Most minors never make it to trial because they usually agree to plea bargains that their lawyers tell them will reduce their sentences. Few Palestinian youths, or their lawyers, believe they will receive a fair trial.
From 2005 through 2010, 834 minors 17 and younger were brought before Israeli military courts on stone-throwing charges, according to the Israeli rights group B'tselem. Of these, 288 ' around a third ' were between 12 and 15 years old. All but one were found guilty, mostly in plea bargains, and spent a few weeks to a few months in jail.
Rights activists say the interrogations of children and use of their confessions are particularly problematic.
Confessions from two boys aged 14 and 15 feature heavily in the indictment against Bassem al-Tamimi, a 45-year-old protest leader in the village of Nabi Saleh, who has been designated a "prisoner of conscience" by London-based Amnesty International. Al-Tamimi has been held since March 2011 on charges of inciting youths to throw rocks and organizing demonstrations.
Israeli forces taped their interrogation with the boys to use as part of their case against al-Tamimi. One of videos, edited to about 40 minutes from the 5-hour interrogation, was uploaded to YouTube by activists who obtained the footage from defense lawyers.
It shows one of the youths, Islam Dar-Ayyoub, then 14, tired and yawning.

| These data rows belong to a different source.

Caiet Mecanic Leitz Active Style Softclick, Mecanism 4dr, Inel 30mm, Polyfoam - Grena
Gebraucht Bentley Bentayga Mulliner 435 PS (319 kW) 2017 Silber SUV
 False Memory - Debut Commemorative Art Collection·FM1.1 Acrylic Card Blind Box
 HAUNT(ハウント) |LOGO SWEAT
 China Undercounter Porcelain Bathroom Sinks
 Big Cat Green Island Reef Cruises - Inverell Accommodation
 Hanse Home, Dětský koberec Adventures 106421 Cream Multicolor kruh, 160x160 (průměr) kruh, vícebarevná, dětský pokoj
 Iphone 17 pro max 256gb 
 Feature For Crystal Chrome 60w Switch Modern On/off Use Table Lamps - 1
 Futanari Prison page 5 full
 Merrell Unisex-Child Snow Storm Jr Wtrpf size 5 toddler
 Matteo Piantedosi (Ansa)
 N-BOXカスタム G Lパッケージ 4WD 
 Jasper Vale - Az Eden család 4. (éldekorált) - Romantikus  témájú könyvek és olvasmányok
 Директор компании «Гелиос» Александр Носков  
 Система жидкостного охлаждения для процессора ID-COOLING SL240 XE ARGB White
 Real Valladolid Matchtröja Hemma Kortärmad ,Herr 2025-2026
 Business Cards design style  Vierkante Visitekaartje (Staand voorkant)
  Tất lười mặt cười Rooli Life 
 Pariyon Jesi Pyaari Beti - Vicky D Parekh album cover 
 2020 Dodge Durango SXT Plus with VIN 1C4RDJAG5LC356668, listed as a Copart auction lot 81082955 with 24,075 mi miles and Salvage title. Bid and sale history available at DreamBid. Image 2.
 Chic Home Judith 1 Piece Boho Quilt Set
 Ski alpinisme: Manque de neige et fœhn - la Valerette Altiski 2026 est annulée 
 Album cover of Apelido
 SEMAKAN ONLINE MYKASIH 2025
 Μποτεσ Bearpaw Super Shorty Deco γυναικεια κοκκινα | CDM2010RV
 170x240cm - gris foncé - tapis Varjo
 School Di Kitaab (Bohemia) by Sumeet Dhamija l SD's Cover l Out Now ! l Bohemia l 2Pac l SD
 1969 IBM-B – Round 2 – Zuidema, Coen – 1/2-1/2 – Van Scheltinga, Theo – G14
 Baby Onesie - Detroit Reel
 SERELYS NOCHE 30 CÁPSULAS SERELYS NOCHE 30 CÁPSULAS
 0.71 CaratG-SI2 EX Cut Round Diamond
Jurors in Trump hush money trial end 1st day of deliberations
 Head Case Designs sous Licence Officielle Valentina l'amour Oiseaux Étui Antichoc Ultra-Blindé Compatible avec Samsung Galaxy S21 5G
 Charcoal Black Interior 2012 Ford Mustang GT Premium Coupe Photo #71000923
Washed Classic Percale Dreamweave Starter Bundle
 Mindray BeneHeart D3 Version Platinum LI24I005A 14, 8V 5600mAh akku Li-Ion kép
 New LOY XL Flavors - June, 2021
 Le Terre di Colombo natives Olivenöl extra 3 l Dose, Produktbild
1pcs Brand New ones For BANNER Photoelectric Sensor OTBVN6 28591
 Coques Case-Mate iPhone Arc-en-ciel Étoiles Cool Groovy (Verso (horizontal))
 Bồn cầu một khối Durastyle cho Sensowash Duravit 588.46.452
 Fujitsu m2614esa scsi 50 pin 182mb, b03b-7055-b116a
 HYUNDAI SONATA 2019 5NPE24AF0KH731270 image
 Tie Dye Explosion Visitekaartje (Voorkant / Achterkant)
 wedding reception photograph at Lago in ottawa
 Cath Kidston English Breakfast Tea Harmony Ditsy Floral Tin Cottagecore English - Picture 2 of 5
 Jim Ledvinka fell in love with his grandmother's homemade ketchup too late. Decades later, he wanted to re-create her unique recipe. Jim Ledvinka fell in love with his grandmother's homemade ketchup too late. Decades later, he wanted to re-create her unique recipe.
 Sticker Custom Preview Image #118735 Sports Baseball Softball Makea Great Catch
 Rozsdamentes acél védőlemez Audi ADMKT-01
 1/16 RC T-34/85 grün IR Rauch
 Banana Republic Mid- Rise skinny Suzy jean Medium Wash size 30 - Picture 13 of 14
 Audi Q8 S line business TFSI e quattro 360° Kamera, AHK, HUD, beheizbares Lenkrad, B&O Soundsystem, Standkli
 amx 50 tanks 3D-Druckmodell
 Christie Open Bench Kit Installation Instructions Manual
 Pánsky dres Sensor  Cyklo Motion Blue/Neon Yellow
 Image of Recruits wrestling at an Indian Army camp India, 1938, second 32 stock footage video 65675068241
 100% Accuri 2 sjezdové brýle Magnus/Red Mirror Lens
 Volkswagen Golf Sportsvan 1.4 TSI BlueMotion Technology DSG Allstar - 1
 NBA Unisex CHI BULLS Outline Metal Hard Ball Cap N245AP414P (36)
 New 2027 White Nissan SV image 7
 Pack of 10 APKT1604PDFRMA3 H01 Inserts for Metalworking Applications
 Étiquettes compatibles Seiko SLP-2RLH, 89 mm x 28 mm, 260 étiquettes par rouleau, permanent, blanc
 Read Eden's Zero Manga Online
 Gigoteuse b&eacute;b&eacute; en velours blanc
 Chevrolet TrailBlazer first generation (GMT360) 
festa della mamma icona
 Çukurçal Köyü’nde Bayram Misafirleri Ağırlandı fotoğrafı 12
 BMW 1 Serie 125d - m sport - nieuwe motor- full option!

He wasn't allowed to sleep, eat or go to the toilet, said Israeli activist Jonathan Pollack, who is following the case. In the video, he sometimes cries as two, sometimes three adults pester him with questions.
"Why are you crying?" one interrogator asks.
"I''m afraid I'll fail at school," he sobs. Later he briefly falls asleep.
The Israeli military officer wouldn't comment on the video because al-Tamimi's case is still ongoing.
Many detained minors reported being denied sleep, said they were blindfolded, shackled, slapped or bullied into making confessions, according to the report by Save the Children, issued Monday. Most said they weren't told their rights. The report many of the children suffered subsequent trauma, ranging from panic attacks, depression and aggression.
The children were held for periods ranging from a few hours to several months, the group said.
The military officer said in most cases, lawyers for children did not file complaints about alleged mistreatment and so he could not comment. He said interrogations typically took place right after the youths were arrested to speed up trials.
The arrests warp relations in tightknit villages too because children are bullied to confess against their neighbors. Parents fight over whose child squealed on whom, said Fatima Awad, 50, whose son Mohammed was imprisoned for six weeks at age 14 for throwing rocks.
Mohammed, who is now 15, said his mother doesn't let him attend demonstrations anymore.
"All of us throw stones, it is not one or two children," Mohammed said. "If they take a few kids, will it stop? No. There will be others."